Constraint violations — uniqueness, NOT NULL, check constraints, and foreign keys all validate against existing rows at creation time. Zero rows means zero violations, every time.
Rewrite duration and lock hold time — the cost of an ALTER TABLE that rewrites the table, or a CREATE INDEX that scans it, is proportional to row count. Empty tables make every rewrite look instantaneous, hiding the lock-hold problem that catching table-lock regressions in migration tests targets directly.
Data-shape surprises — a backfill UPDATE that assumes every JSON column is well-formed, or a type narrowing that assumes every value fits the smaller type, only fails on the row that breaks the assumption — a row that only exists in real data.

The environment must therefore mirror production’s data, not just its schema. That is precisely the environment parity discipline applied to CI: the test database needs production’s row counts and value distributions. It must not carry production’s secrets, so the snapshot is sanitized first — anonymizing personal data while preserving the structural properties (cardinality, null density, duplicate patterns) that make the test meaningful. The full anonymization workflow is covered in seeding anonymized production data into staging; for migration testing the rule is narrow: scramble the values, keep the shape.

Immediate Mitigation

When a constraint-violation failure is blocking a deploy right now, the immediate move is to reproduce it locally against real data and clean the data before re-attempting:

Restore the latest sanitized snapshot into a throwaway database and apply the failing migration to confirm the exact violating rows.
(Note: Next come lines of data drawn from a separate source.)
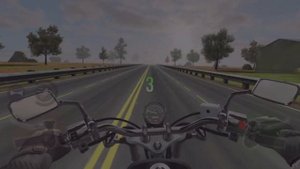 Traffic Rider - Обзор игры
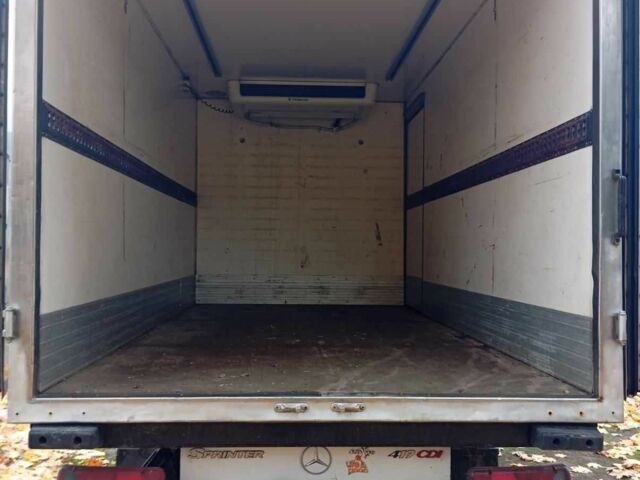 Мерседес Другая, объемом двигателя 0 л и пробегом 0 тыс. км за 17000 $, фото 9 на Automoto.ua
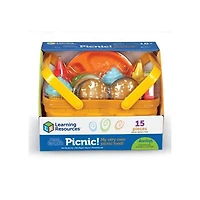 New Sprouts Picnic Set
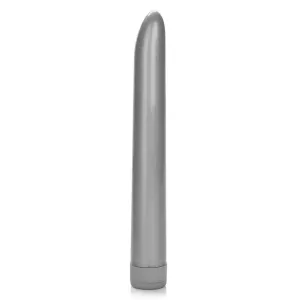 11-inch California Exotic Silver Bullet Vibrator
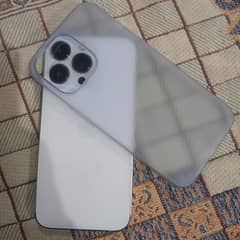 iPhone 13 Pro  256 gb 10. by 10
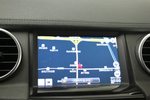 路虎第四代发现2011款3.0L SD HSE 柴油版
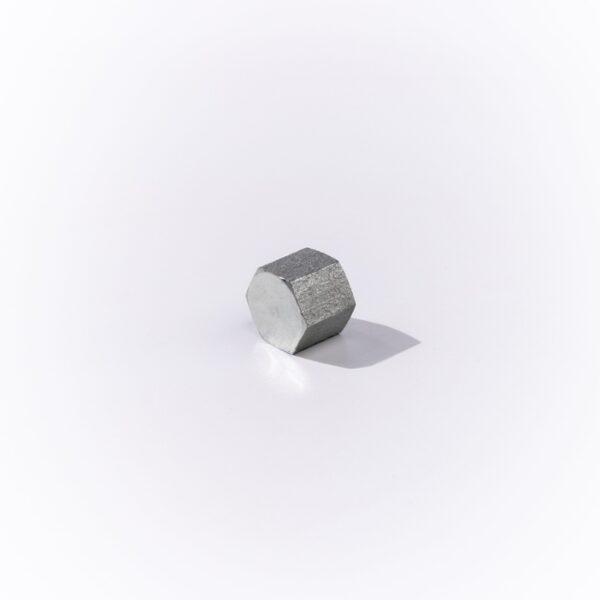14X1.5 KOMATSU CAP - Image 3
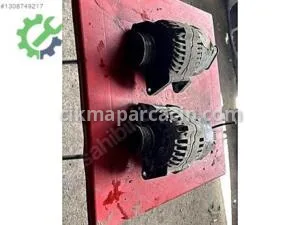 BMW E36 E46 M43 ŞARJ DİNAMOSU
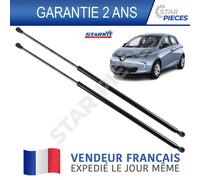 2 Fendinebbia Per RENAULT ZOE 2012-2024 | Bagagliaio Posteriore | 904502915R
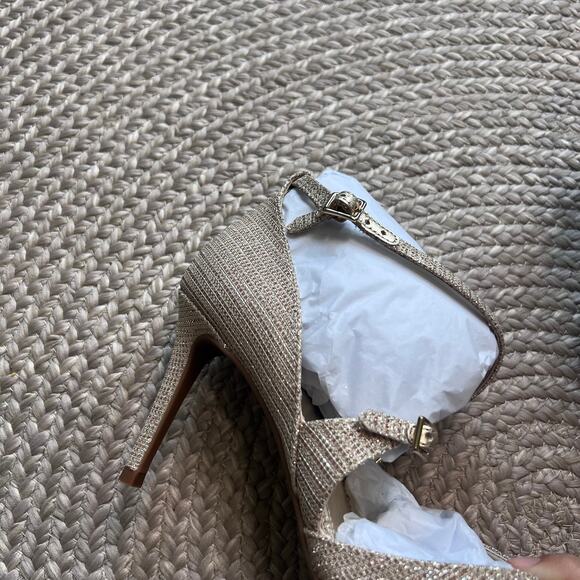 Michael kors Adela flex pump sz 7.5 - Picture 6 of 8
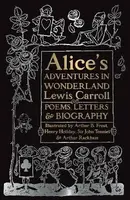 Aliceâ€™s Adventures in Wonderland - Lewis Carroll
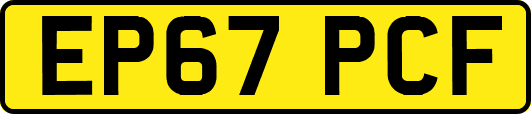 EP67PCF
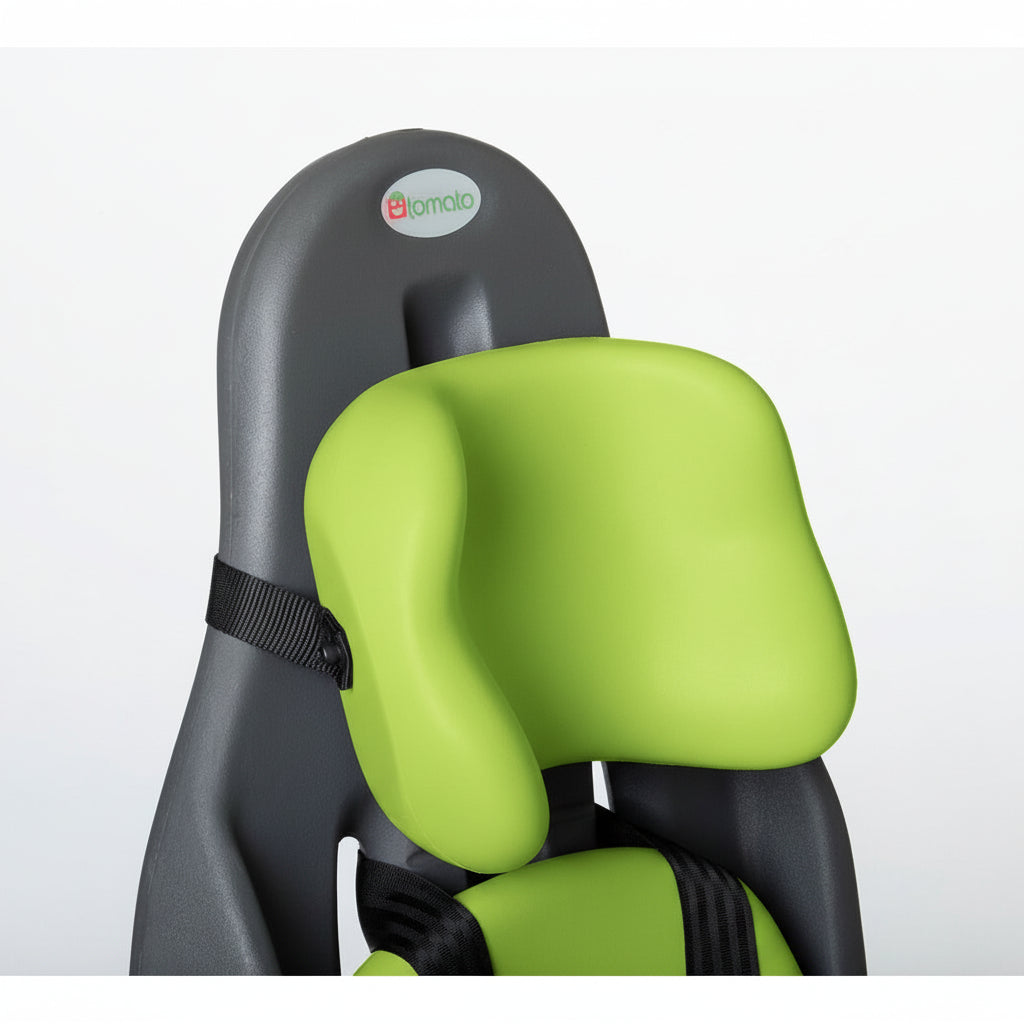 Special Tomato Replacement MPS Headrest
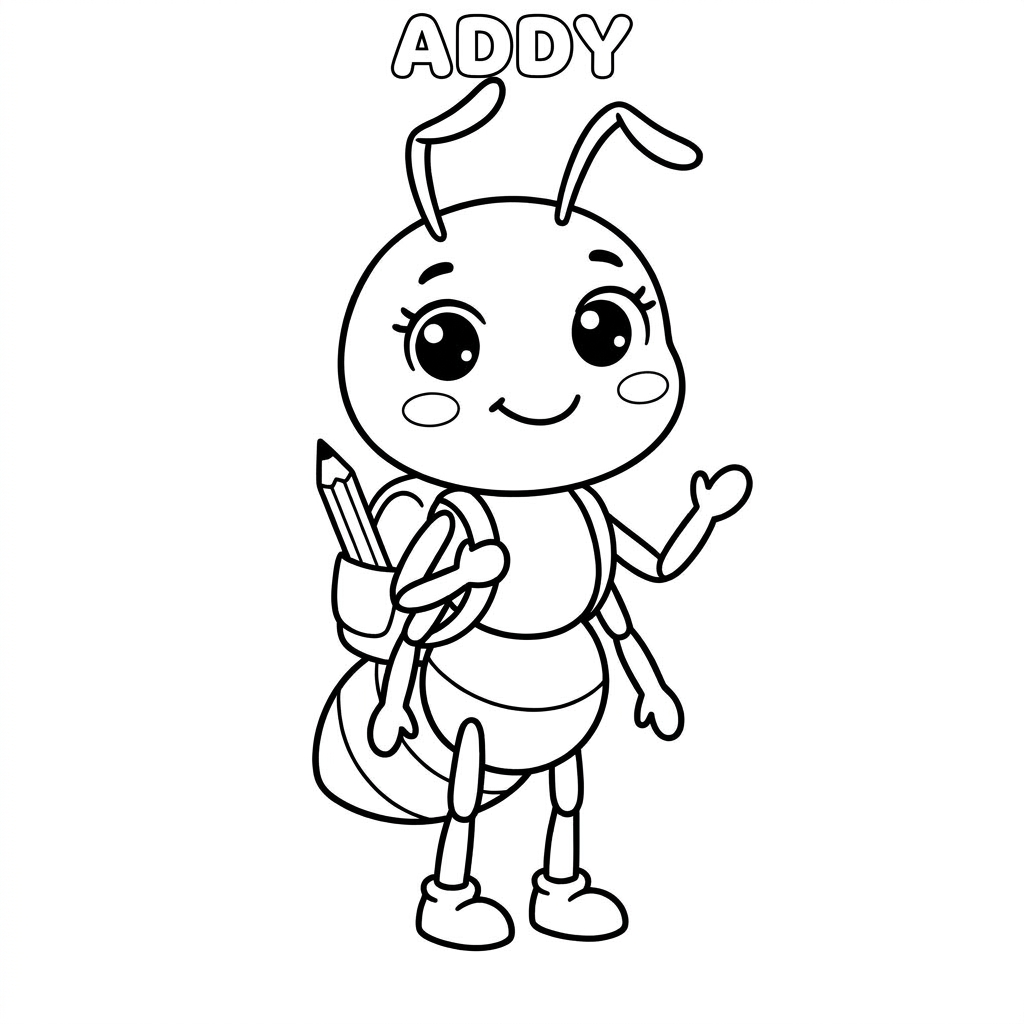 Addy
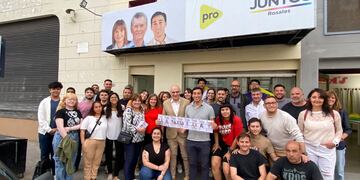 “Milei es un salto al precipicio”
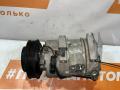 нагнетатель воздуха (компрессор) Hyundai ix35 1 поколение 2012, 2.0 л., G4KD, бензин, АКПП, tcm (phantom black), внедорожник 5 дв., передний привод, 977012S500 - фото №2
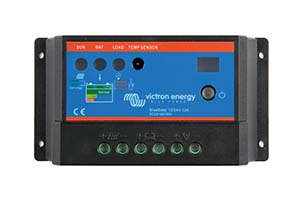 Victron BlueSolar PWM-Light 12/24V-10A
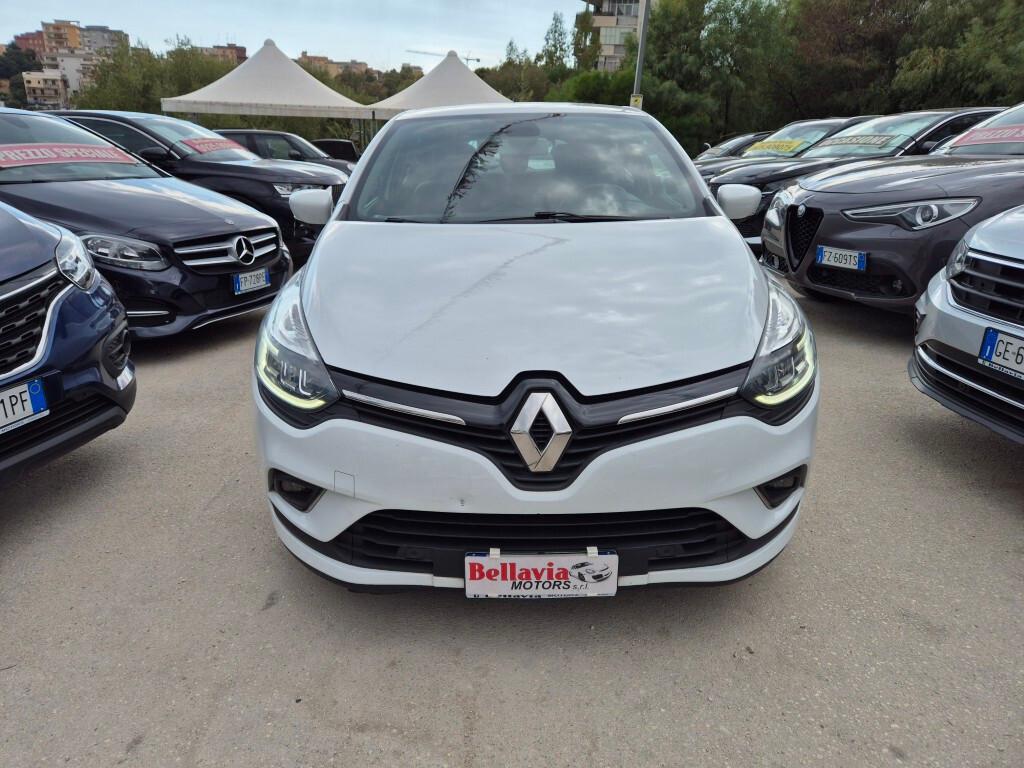 Renault Clio 1.5 dCi 75 CV 5P NAVI FULL LED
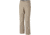 Mountain Hardwear Piero 5 Pocket Pant - Men's-Khaki-Regular Inseam-40 Waist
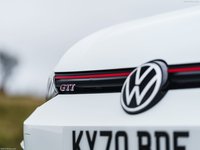 Volkswagen Golf GTI [UK] 2021 Mouse Pad 1448208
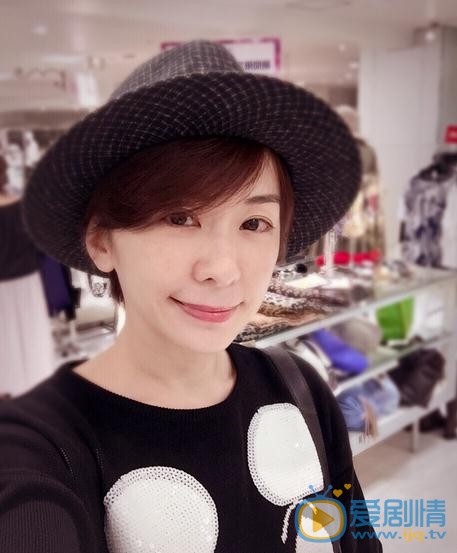 因為遇見你徐卉婕是誰扮演的？徐卉婕扮演者潘儀君個人資料介紹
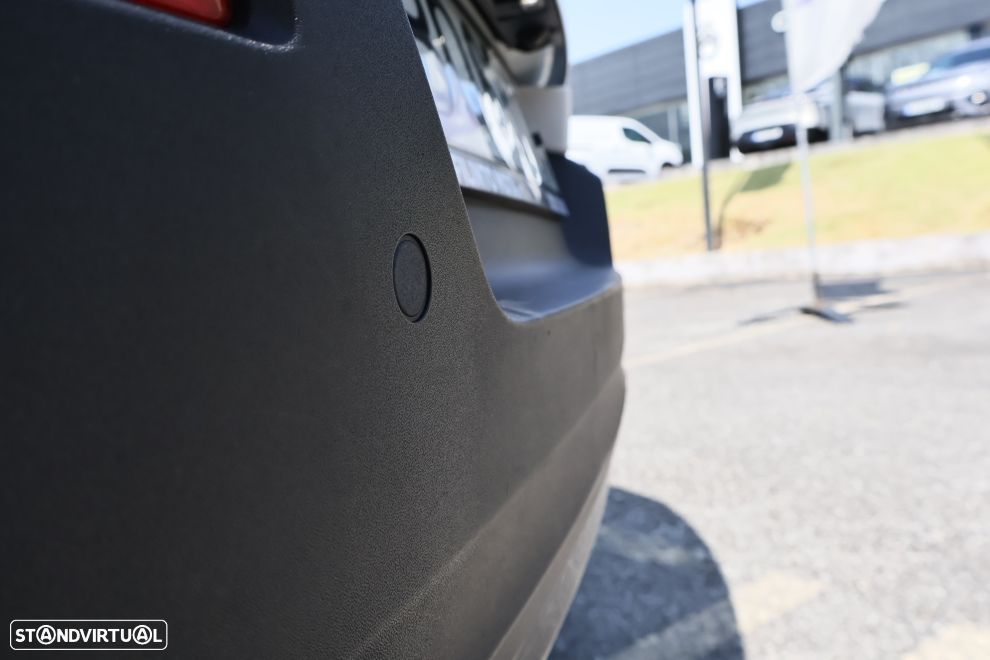 Volvo XC 40 1.5 T4 PHEV R-Design - 5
# CI / local shell · ephemeral DB · destroyed after the run · no prod writes
# Context: restore a sanitized dump into a fresh database for testing only.
createdb ci_migration_test
pg_restore --no-owner --dbname=ci_migration_test snapshot_sanitized.dump
psql -d ci_migration_test -v ON_ERROR_STOP=1 -f migrations/0042_add_unique_email.sql

Find the offending rows so you know the size of the data cleanup before touching production.

-- PostgreSQL · read-only · run against the snapshot, not production
-- Context: enumerate the duplicates a unique index would reject.
SELECT email, count(*) FROM users GROUP BY email HAVING count(*) > 1;

Stage a data-cleanup migration first — deduplicate or backfill the nulls in an idempotent step — and only then create the constraint. Splitting cleanup from constraint creation keeps each step re-runnable.
Add the snapshot test to the gate so the same failure cannot reach production again (next section).

Permanent Fix / Long-Term Pattern

The durable fix is a required CI stage that restores a sanitized snapshot, applies the migration, and asserts both correctness and timing.

# .gitlab-ci.yml — migration test against a production-like snapshot
# Context: ephemeral service DB; sanitized restore; never connects to production.
migration_snapshot_test:
  stage: test
  services: [ "postgres:16" ]
  rules:
    - changes: [ "migrations/**/*" ]
  script:
    - set -euo pipefail
    - createdb -h postgres ci_db
    # Restore a nightly-built, anonymized snapshot (no PII, real distributions)
    - pg_restore -h postgres --no-owner -d ci_db "$SANITIZED_SNAPSHOT"
    # Apply the migration and fail on any constraint/data error
    - psql -h postgres -d ci_db -v ON_ERROR_STOP=1 -f "$(ls migrations/*.sql | tail -1)"
    # Assert the apply finished within the deploy budget
    - ./scripts/assert-migration-duration.sh --max-seconds 120
  allow_failure: false

Keep the snapshot fresh and the test fast. A nightly job builds the sanitized dump so the test always sees recent data shapes; for very large tables, a representative sample that preserves cardinality and null density keeps CI quick without losing the failure modes that matter. Run the apply with ON_ERROR_STOP=1 (PostgreSQL) or --abort-on-error (MySQL client) so the first data-dependent error fails the job rather than scrolling past. Measure the apply duration and fail when it exceeds the deploy budget — a long rewrite that succeeds in CI is still a production incident waiting to happen, which is why this test pairs naturally with catching table-lock regressions in migration tests. For where this stage sits among the other safety checks, see the automated migration testing overview, and combine it with the plan-time gate in blocking deploys on failed migration dry-runs so both the plan and its effect on real data are checked.

Verification Checklist

CI applies the migration against a restored snapshot, not a freshly created empty schema.
The snapshot is sanitized of personal data but preserves row counts, null density, and duplicate patterns.
The apply runs with ON_ERROR_STOP=1 / --abort-on-error so the first data error fails the job.
Apply duration is measured and the job fails when it exceeds the deploy budget.
The snapshot is rebuilt on a schedule so the test sees current data shapes.
The ephemeral test database is destroyed after the run and never reused across builds.

Frequently Asked Questions

Why not just test against staging instead of a snapshot in CI? Staging is shared and stateful, so concurrent tests interfere and a failed migration leaves it dirty for the next run. An ephemeral CI database restored from a snapshot is isolated, reproducible, and disposable — each build gets a clean copy of realistic data and destroys it afterward, which is exactly what a deterministic gate needs.

How do I keep the snapshot small enough for fast CI? Sample large tables while preserving the statistical properties that cause failures: keep the duplicates, the nulls, and the value cardinality, but reduce the raw row count. A few hundred thousand representative rows reproduces most constraint and rewrite issues far faster than a full multi-terabyte restore.

Doesn’t restoring a production snapshot risk leaking PII into CI? Only if you restore it unsanitized. The snapshot must be anonymized before it ever reaches CI — scramble personal values while preserving shape — so the test sees realistic distributions without real secrets. The sanitization step is mandatory, not optional.